Horrorizada escuché lo de la señora que rechazó entre risas las quejas de su criada tailandesa a quien violó su hijo a placer. Le dijo que su hijo necesitaba sexo y que la santidad de las mujeres saudís obligaba a la familia a buscarle una mujer para él. A las orientales, dijo con aplomo, no les importa con quién se acuestan. A los ojos de sus madres, los chicos son reyes.

Advirtiendo de pronto toda la maldad que nos impregnaba, le pregunté a Alí por qué él y mi padre iban a Tailandia y a las Filipinas tres veces al año. Entre burlas me contestó que no era cosa de mi incumbencia. Pero yo sabía la respuesta, pues muchos de los padres y hermanos de mis amigas hacen el mismo viaje a las bellas tierras que venden a sus muchachas y a sus mujeres a cualquier bruto que disponga de dinero.

Descubrí que sabía muy poco de los hombres y de su apetito sexual.

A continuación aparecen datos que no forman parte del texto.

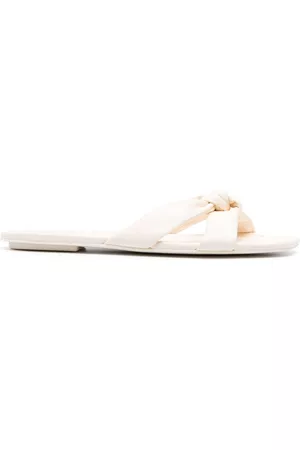 Stuart Weitzman Women Lace up Ballerinas - Flat-sole leather mules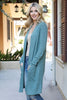 Solid Long Sleeve Open Front Cardigan - Riah Fashion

La vida, vista por fuera, no es más que una fachada; con un poco de esfuerzo pude descubrir la maldad que se agazapa entre los sexos bajo una delgada costra de urbanidad.

Por primera vez en mi joven vida comprendí el impenetrable cometido con que se enfrentaban las de nuestro sexo. Vi que mi meta de conseguir la igualdad para la mujer era desesperada, pues al fin advertía que el mundo de los hombres contiene un enfermizo estado de exagerada indulgencia para sí mismo. Nosotras, las mujeres, somos sus vasallas, y los muros de nuestras cárceles son insalvables, puesto que esta ridícula enfermedad de preeminencia vive en el esperma de los hombres y se transmite de generación en generación; una incurable y mortal enfermedad cuyo huésped es el hombre, y su víctima la mujer.

La propiedad de mi cuerpo, así como la de mi alma, iban a pasar muy pronto de mi padre a un extraño al que llamaría mi marido, pues mi padre me había informado que me casaría tres meses después de mi decimosexto cumpleaños. Sentí que las cadenas de la tradición me envolvían estrechamente; sólo me quedaban seis meses de libertad que saborear. Aguardaba a que mi destino se desplegase ante mí, criatura tan desvalida como el insecto atrapado en una dañina tela de araña.